Benioff mocks Ellison, pooh-poohs Microsoft
Salesforce.com CEO talks tough even as profits remain hard to come by
When Salesforce.com CEO Marc Benioff was reminded that Oracle CEO Larry Ellison continues to play down the importance of cloud computing, he assessed Ellison's position by quoting from ancient Chinese philosoper Sun Tzu.
"When weak, feign strength," Benioff said, while on a panel at the Web 2.0 conference in San Francisco.
He later referred to Oracle's business as "a mature, dying model." Of another huge rival, SAP, he said, "they may already be dead."
It was more of the same kind of chutzpah that Benioff, a former Ellison lieutenant, has expressed since he founded Salesforce.com a decade ago.

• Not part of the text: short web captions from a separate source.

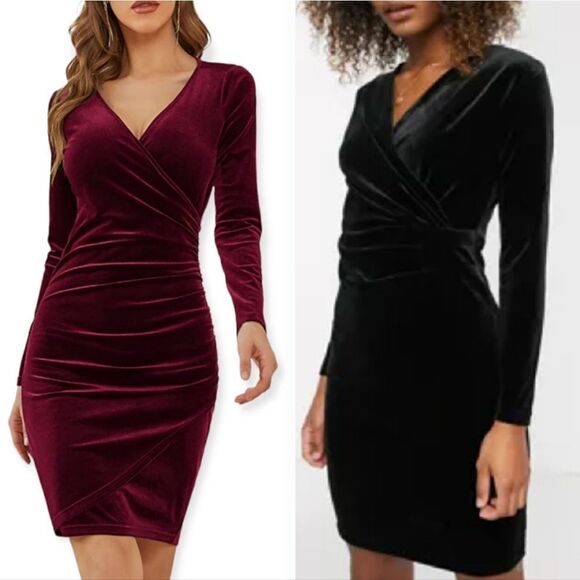 NEW! Velvet Long Sleeve V Neck Ruched Date Night Cocktail Dress - Picture 2 of 7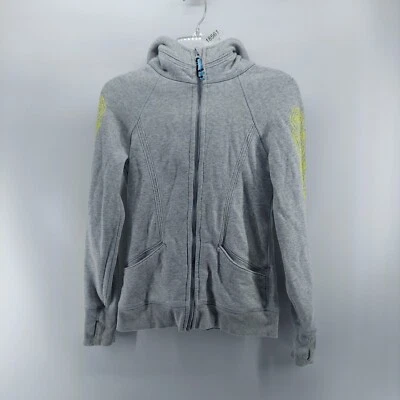 Jaqueta com capuz ivivva by Lululemon meninas tamanho 14 cinza zíper completo bolsos de lã - Imagem 1 de 4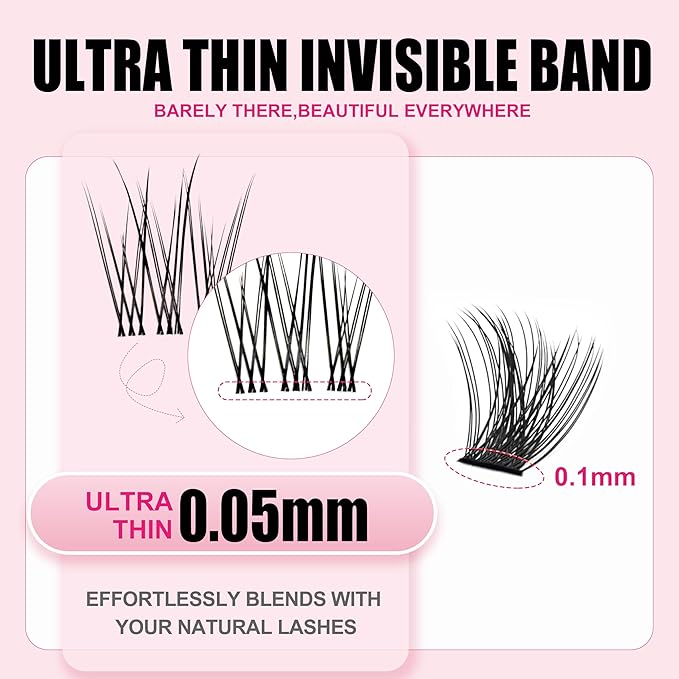 Flare Lashes With Invisible Band DiyNatural Eyelash Extension Kit Bond SealEyelash Glue and Lash Remover Beginner FriendlyIndividual Lashes Waterproof and Long lastingMakeup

The irony is that Oracle continues to crank out billions in profits while Salesforce.com, for all its revenue growth, has found consistent profitability growth hard to come by. Its marketing and and related costs have always taken up huge amounts of its capital since Day 1.
The company just launched a major push in cloud computing, an extension of its primary business of software as a service.

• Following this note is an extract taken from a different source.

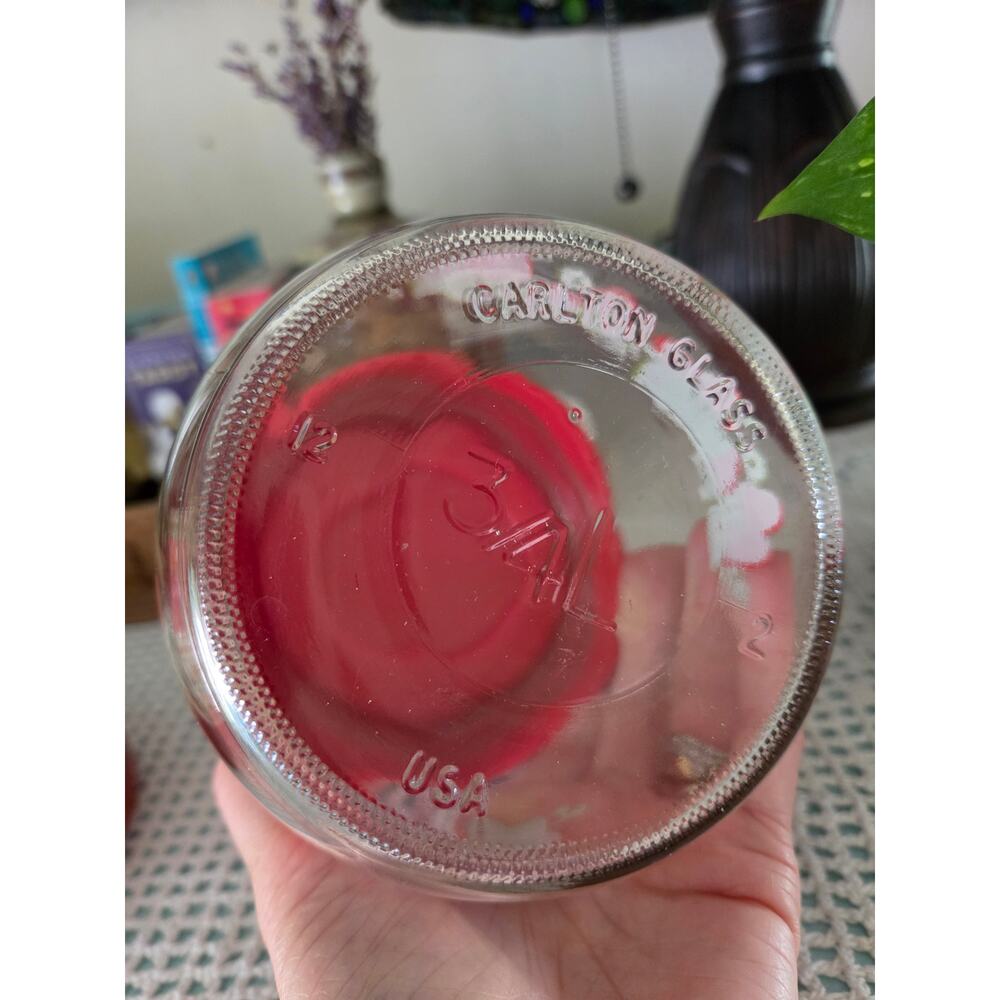 Vintage Carlton Glass Strawberry Canister Jar – 5” Kitchen Storage Decor - Picture 3 of 4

But the business Benioff helped to pioneer -- storing software on servers instead of selling it directly to corporate customers -- is expanding and getting crowded, with Amazon and Google pushing their hosted app services.
And it just got more crowded, with Microsoft announcing that it will have an offering sometime down the road.
True to form, Benioff thinks Microsoft's entry into the market is good for Salesforce.com
"We think it's great they're telling people they'll finally have something."
Small businesses have embraced Salesforce.com because the company gives them a way to track customers while paying for only as much software as they need.
Happy customers don't always translate into happy shareholders, however. With a key metric for the company -- deferred revenue -- beginning to stagnate, Benioff is going to have to find a lot more new customers. The company's stock has dropped by more than 50% in the last six months, underperforming the broader market even amid the turmoil.
The company has been considered a future takeover target for a number of companies, including Oracle, SAP and Microsoft.
If Benioff wants to keep challenging those companies in public, rather than ending up a part of them or roadkill in their wake, he's going to have to find a way to generate more profit.